TASK INSTRUCTIONS: Once the images are removed, set down everything else in the listing below exactly.

(COLLECTED DATA Opens)

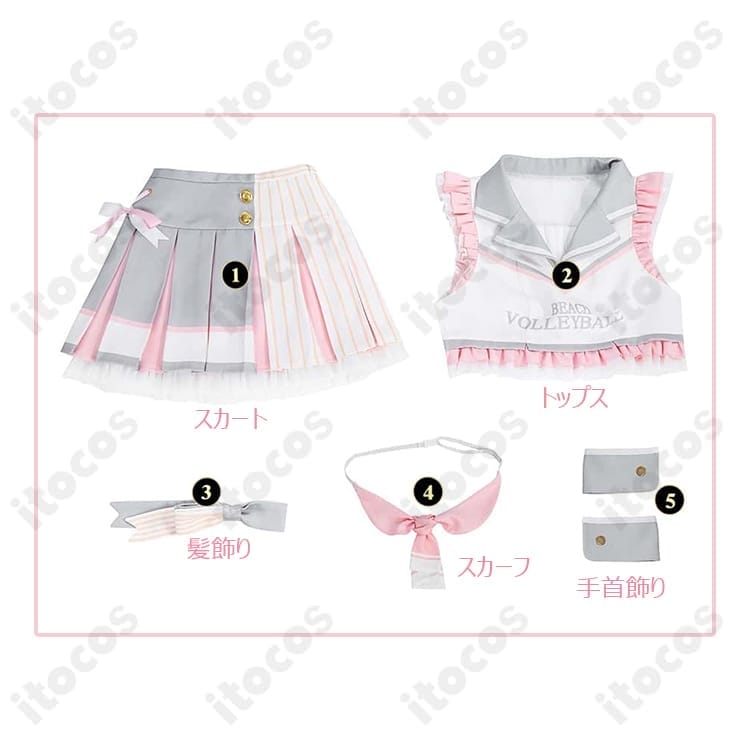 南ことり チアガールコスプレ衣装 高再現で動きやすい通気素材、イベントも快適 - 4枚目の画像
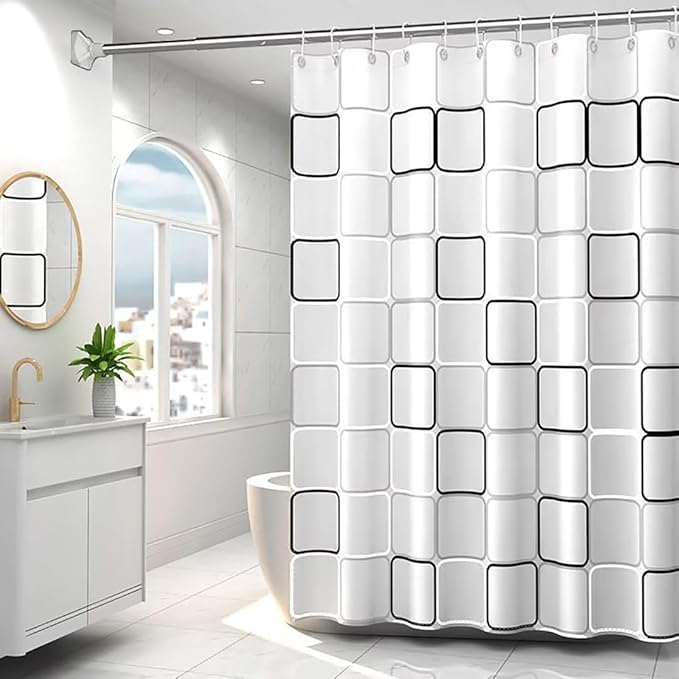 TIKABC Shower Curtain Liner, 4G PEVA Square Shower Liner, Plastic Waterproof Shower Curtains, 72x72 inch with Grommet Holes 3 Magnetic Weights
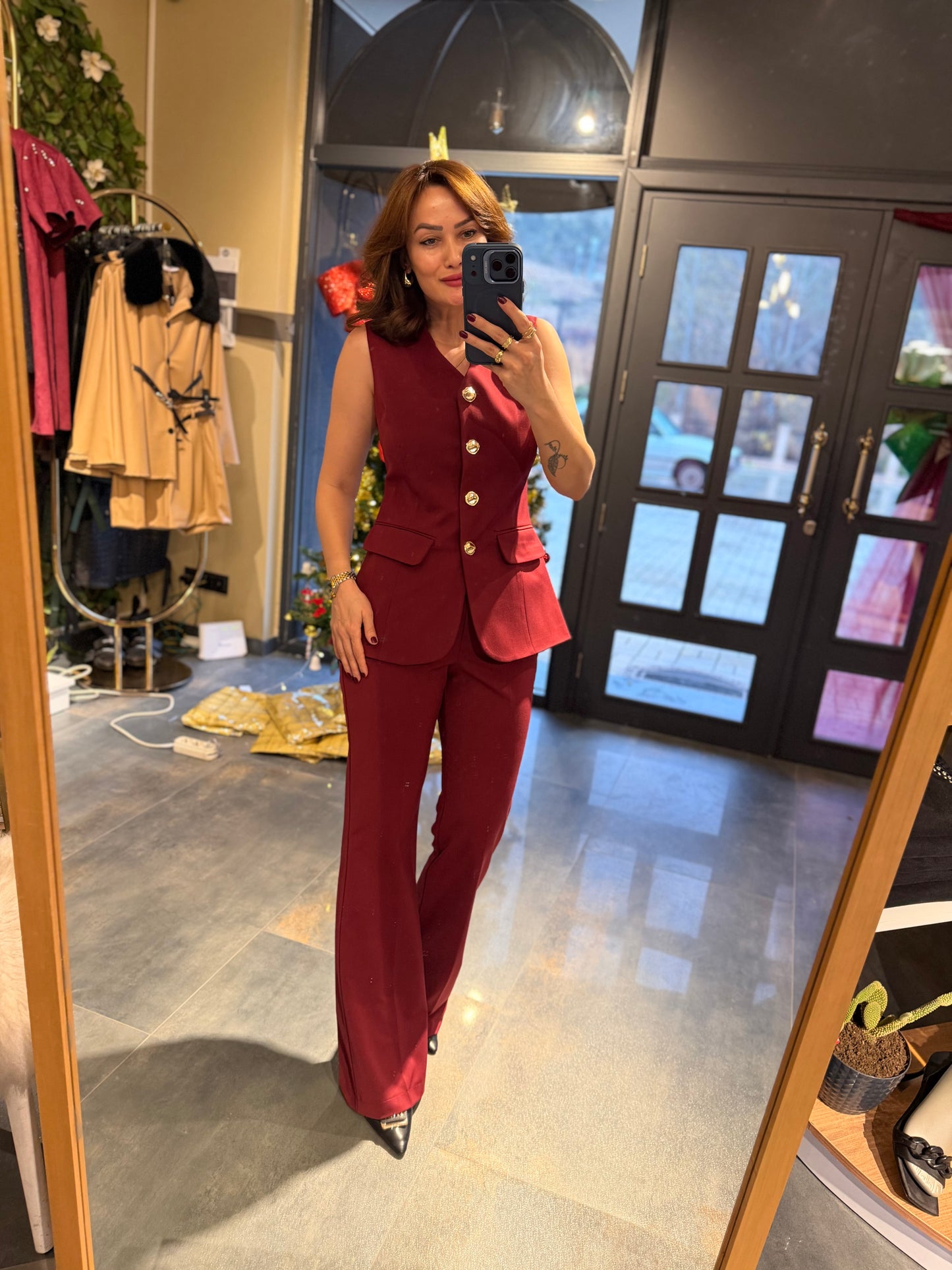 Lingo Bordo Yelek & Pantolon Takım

(COLLECTED DATA Closes)

WRITTEN SOLUTION:
 南ことり チアガールコスプレ衣装 高再現で動きやすい通気素材、イベントも快適 - 4枚目の画像
 TIKABC Shower Curtain Liner, 4G PEVA Square Shower Liner, Plastic Waterproof Shower Curtains, 72x72 inch with Grommet Holes 3 Magnetic Weights
 Lingo Bordo Yelek & Pantolon Takım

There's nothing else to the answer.